Orchid Data Engineering Projectpresent
Persistent and resilient in the face of technical challenges.
This was an ETL project extracting data from an OLTP database into an s3 bucket using python code loaded onto an AWS lambda. This ingested data was then processed again using python code loaded onto another AWS lambda and put into another s3 bucket ready to be loaded into an OLAP data warehouse.
The Team
Karl Robinson
Ellen Morris
Souad Alkhaledi
Anita
Gillian Piper
Technologies
We used: AWS services including Lambda, s3, sns, Cloudwatch, Eventbridge and Secrets Manager. Terraform, PostgreSQL, pgAdmin, Python packages including boto3, pandas, moto, pytest, pg8000. GitHub and GitHub actions.

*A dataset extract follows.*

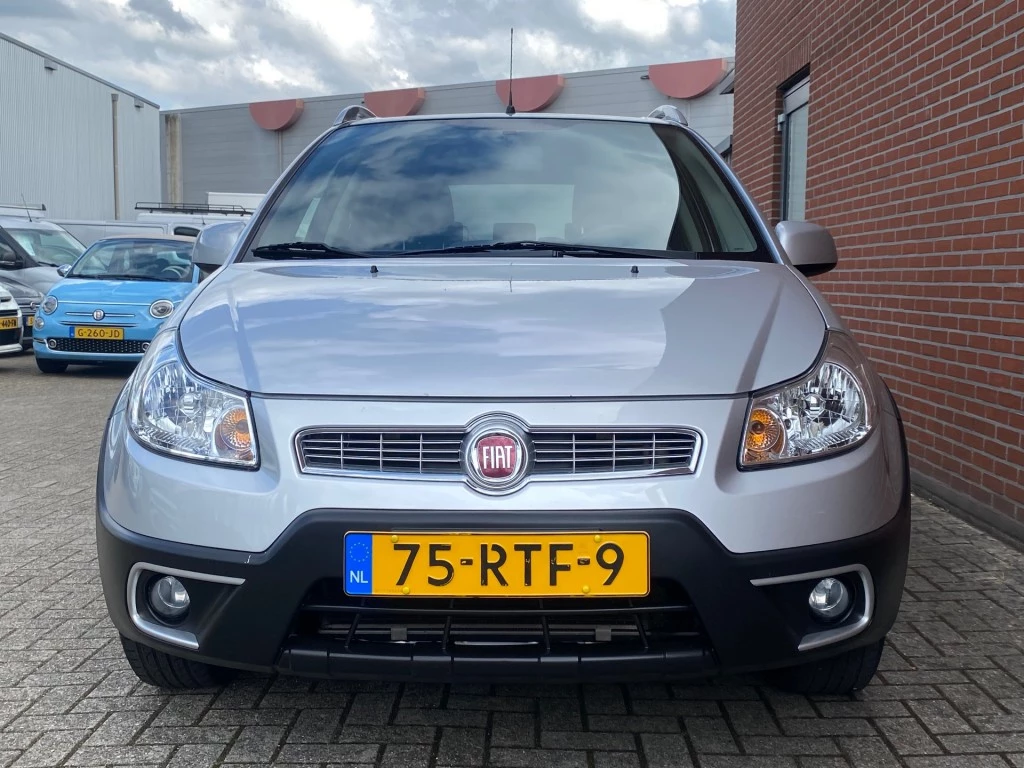 Hoofdafbeelding Fiat Sedici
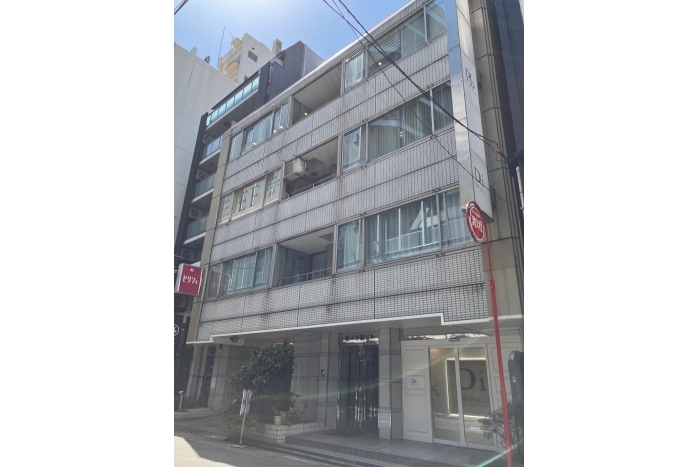「名古屋」、「国際センター」駅共に徒歩5分圏内！　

AWS was chosen as working on the cloud allows infrastructure to be scaled as needed making this a more cost effective solution. Using AWS to host our project then allows us to more easily make use of its services such as Lambda to automate processes. This could then all be orchestrated through GitHub actions to create a CI/CD pipeline. Given that the chosen coding language was python, we would make us of the aforementioned packages.
Challenges Faced
Figuring out the best structure to store our data in the s3 buckets. Figuring out the best way for the code in the Lambda to access the necessary python packages.